Hallo. ich bin neue Studentin in Wirtschaftsinformatik in Deutschland.ich hatte nie auf Java gehört. ich muss diese Aufgabe Vor Montag abegeben. ich weiß nicht nicht wie ich anfangen muss. bitte Hilfe. (Auch jemand mit dem ich studieren kann)
Eine Variante von Sudoku heißt KenKen. Das Rätsel besteht aus einer (n×n)-Matrix M, die durch dickere Umrandung zuunterschiedlichen Partitionen Pi zusammengefasst werden. Jedem Pi ist eine Operation Oi ∈ {+,−,∗,/,' '} und deren Endergebnis Ri zugeordnet. Das KenKen ist gelöst, wenn in jeder Spalte bzw. jeder Zeile jeweils alle Zahlen von 1 bis n genau einmal so vorkommen, dass sich bei Anwenden von Oi auf alle Zahlen in Pi das angegebene Ri ergibt. int[][][] kenken Jede der im Folgenden zu entwickelnden Methoden wird mit einem 3D-int[][][]-Feld aufgerufen, das ein KenKenProblem repräsentieren soll. Eine korrekte Datenstruktur hat exemplarisch nebenstehenden Aufbau: Jeder Eintrag enthält die Beschreibung einer Partition Pi als 2D-int[][]-Feld. Der erste Eintrag für jede einzelne Partition Pi enthält wiederum ein 1D-int[]-Feld der Länge 2 mit dem (Ri, Oi)-Paar. Alle weiteren Einträge von Pi sind ebenfalls 1D-int[]-Felder der Länge 2 und enthalten die Koordinaten eines zu Pi gehörenden Zahlenfeldes der Matrix M in der Form (Zeile, Spalte). Das Zahlenfeld „oben/links“ in M hat die Koordinaten (0,0).
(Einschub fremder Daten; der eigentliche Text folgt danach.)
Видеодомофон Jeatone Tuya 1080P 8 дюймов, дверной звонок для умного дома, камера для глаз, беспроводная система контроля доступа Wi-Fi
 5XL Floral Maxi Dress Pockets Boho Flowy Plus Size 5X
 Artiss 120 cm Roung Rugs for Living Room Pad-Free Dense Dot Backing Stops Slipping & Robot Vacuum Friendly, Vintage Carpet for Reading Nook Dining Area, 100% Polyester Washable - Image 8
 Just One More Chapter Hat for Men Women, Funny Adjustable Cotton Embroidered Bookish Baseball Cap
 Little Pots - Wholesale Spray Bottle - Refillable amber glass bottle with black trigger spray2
Erstellen Sie eine Klasse KenKen und implementieren Sie darin die einzelnen Methoden gemäß ihrer API wie folgt: a) Ergänzen Sie zunächst die Methode checkIntegrity(). Sie soll überprüfen, ob das übergebene 3D-Arraystrukturell als KenKen-Problem (wie oben beschrieben und im Beispiel-Bild gezeigt) interpretiert werden kann. b) Implementieren Sie nun die Methode checkValidity(). Sie soll überprüfen, ob das übergebene 3D-Array semantisch als KenKen-Problem interpretiert werden kann, d.h. ob die Partitionen überlappungsfrei sind und insgesamt genau ein quadratisches KenKen abdecken (die Partitionen selbst müssen dabei nicht zwangsweise zusammenhängend sein). c) Programmieren Sie schließlich ein rekursives Verfahren zur Lösung eines KenKen-Problems in solve(). Falls es mindestens eine Lösung gibt, dann soll solve() eine beliebige davon als quadratisches Array zurückgeben. Geben Sie Ihre vollständige Datei KenKen.java über EST ab.


----------



## Xyz1 (23. Nov 2016)

Wie schaut denn dieses Beispiel-Bild?


----------



## mariane (24. Nov 2016)

Heidi Witzka und Holla die Waldfee, ich verstehe nur Bahnhof. Dank Wiki reichte ein Blick auf die oberste Abbildung und alles war klar.
Es gibt reichlich rekusiv arbeitetende Sudoku-Solver, suche dir einen aus, den du verstehst bzw. nachvollziehen kannst, es gibt dann immer Abbruchbedingung für die Rekusion, keine Zahl doppelt in Zeile, keine doppelt in der Spalte etc.pp. Die Abbruchbedingung für die 3x3 Blöcke entfernst du und nimmst dafür für jede zu berechnende Partition eine weitere Abbruchbedingung auf. Wie genau nun die Partitionen und Operationen übergeben werden, must du natürlich auch noch überlegen. Zum testen würde ich erstmal mit einen 4x4 Ken Ken anfangen und Partionen und Operation in den Abbruchbedingungen fest vorgeben. Wenn das dann schonmal läuft ist das die halbe Miete.


----------



## VfL_Freak (24. Nov 2016)

Moin,

sagt mal ... ist bei Euch beiden die ENTER-Taste kaputt ??? 
Bei den Eingaben bekommt man ja Augenkrebs 

Gruß Klaus


----------



## Xyz1 (24. Nov 2016)

mariane hat gesagt.:


> für jede zu berechnende Partition


Das grenzt zwar an Quatsch, aber dennoch möchte ich das mit den Partitionen gerne verstehen, deswegen wäre es wichtig, das sie das nochmal visualisiert anzeigt.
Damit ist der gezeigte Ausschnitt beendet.